51.) „Spaß beiseite“ – wer das sagt, hat wohl auch sonst nicht viel Freude.
52.) „Da bin ich leidenschaftslos“ und
53.) „Da bin ich schmerzfrei“ – mir tut es verdammt weh.
54.) „wtf“ = „What the fuck“. Gerne auf Twitter genutzt, ebenso wie
55.) „#fail“ – ja, mangelhaft!
56.) „Nennen Sie mal eine Hausnummer.“ Bitte: 19b, Hinterhaus.

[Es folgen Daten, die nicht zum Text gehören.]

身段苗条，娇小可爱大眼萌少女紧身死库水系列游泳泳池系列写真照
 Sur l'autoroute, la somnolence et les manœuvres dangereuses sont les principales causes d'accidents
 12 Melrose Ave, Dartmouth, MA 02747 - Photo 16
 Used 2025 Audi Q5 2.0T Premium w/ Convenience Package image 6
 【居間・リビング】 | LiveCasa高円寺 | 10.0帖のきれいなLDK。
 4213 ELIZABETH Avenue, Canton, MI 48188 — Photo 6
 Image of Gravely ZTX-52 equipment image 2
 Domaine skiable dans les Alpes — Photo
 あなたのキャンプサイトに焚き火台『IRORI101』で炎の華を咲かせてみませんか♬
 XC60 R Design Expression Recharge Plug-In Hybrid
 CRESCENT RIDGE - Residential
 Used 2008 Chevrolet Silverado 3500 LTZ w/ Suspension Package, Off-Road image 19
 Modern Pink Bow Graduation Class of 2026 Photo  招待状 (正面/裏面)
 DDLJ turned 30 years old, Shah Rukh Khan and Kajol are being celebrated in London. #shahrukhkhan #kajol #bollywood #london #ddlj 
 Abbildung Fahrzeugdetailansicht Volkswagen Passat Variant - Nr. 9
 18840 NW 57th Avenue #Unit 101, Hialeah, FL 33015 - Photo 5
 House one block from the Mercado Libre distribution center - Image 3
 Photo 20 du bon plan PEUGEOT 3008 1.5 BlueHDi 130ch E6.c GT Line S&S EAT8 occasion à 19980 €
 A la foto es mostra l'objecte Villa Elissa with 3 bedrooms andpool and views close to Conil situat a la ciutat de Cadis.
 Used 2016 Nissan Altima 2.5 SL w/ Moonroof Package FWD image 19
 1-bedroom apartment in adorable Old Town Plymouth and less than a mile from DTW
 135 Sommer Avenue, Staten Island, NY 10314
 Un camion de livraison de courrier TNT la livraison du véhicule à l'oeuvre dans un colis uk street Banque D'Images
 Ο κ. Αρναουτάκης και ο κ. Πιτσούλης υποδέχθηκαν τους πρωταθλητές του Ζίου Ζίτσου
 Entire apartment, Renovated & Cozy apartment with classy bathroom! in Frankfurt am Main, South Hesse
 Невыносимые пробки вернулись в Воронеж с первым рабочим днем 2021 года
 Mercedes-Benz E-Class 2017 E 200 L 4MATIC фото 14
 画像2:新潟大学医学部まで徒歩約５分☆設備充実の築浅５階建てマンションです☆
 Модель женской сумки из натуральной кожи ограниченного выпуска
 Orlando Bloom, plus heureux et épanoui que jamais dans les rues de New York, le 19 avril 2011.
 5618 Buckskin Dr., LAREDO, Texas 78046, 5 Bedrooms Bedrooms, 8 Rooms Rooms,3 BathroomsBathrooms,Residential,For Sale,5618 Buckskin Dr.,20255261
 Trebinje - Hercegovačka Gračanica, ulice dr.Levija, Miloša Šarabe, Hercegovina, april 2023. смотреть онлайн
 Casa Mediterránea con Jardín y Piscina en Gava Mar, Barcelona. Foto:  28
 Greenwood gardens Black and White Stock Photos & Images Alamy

57.) „Das ist mit mir nicht zu machen.“ Politikersülze.
58.) „Wir müssen jetzt unsere Hausaufgaben machen.“
59.) „Ich mache mal den Vorsitz“ – beliebter Scherz, wenn nur noch ein Platz an der Stirnseite frei ist
60.) „… bis der Arzt kommt“
61.) „Da krieg‘ isch so’n Hals!“
62.) „Das haben wir ihnen ins Stammbuch geschrieben.“
63.) „Das stimmen wir bilateral ab.“
64.) „eine undurchsichtige Gemengelage“
65.) „[beliebiges Substantiv] wird bei uns groß geschrieben.“ Nicht nur bei euch.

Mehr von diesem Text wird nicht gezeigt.